**Directions:**
The data that follows must be transcribed in full and exactly, minus the pictures.

**Raw data:**
# # # #
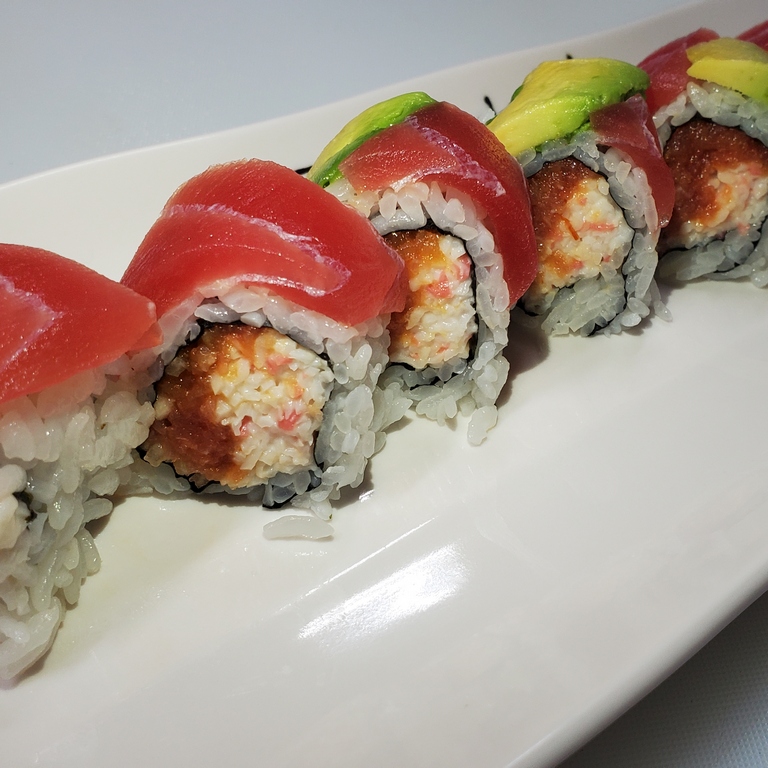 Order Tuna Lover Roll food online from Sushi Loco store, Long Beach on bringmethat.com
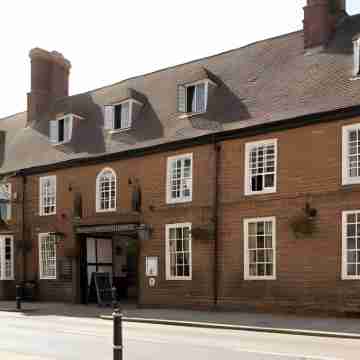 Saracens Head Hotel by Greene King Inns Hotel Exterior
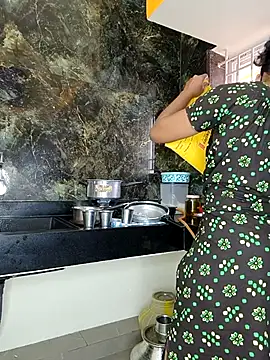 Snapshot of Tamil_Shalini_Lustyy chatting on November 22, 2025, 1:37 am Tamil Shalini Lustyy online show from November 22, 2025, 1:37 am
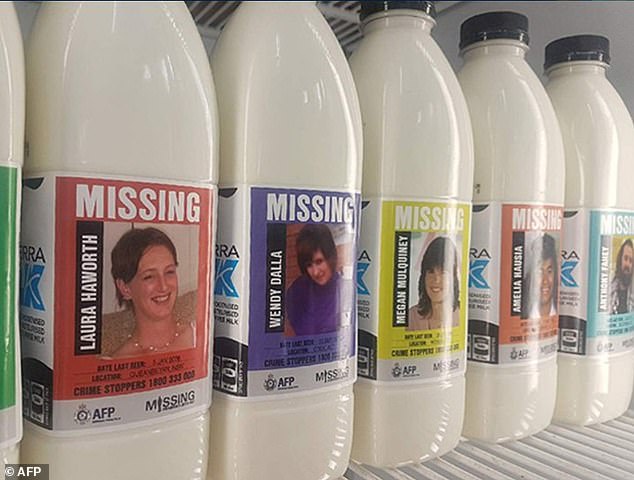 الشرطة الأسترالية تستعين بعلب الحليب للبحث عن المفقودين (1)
# # # #
**Problem solution:**
 Order Tuna Lover Roll food online from Sushi Loco store, Long Beach on bringmethat.com
 Saracens Head Hotel by Greene King Inns Hotel Exterior
 Snapshot of Tamil_Shalini_Lustyy chatting on November 22, 2025, 1:37 am Tamil Shalini Lustyy online show from November 22, 2025, 1:37 am
 الشرطة الأسترالية تستعين بعلب الحليب للبحث عن المفقودين (1)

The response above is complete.